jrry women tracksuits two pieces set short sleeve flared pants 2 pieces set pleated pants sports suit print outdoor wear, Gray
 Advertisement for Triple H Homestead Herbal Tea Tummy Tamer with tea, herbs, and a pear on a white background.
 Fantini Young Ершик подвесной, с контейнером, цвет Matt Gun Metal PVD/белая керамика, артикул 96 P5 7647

WHAT YOU SHOULD DO:
From the line containing "Advertisement for Triple" down to the last line of the data above, copy every line exactly; leave out all other lines.

RESPONSE AREA:
 Advertisement for Triple H Homestead Herbal Tea Tummy Tamer with tea, herbs, and a pear on a white background.
 Fantini Young Ершик подвесной, с контейнером, цвет Matt Gun Metal PVD/белая керамика, артикул 96 P5 7647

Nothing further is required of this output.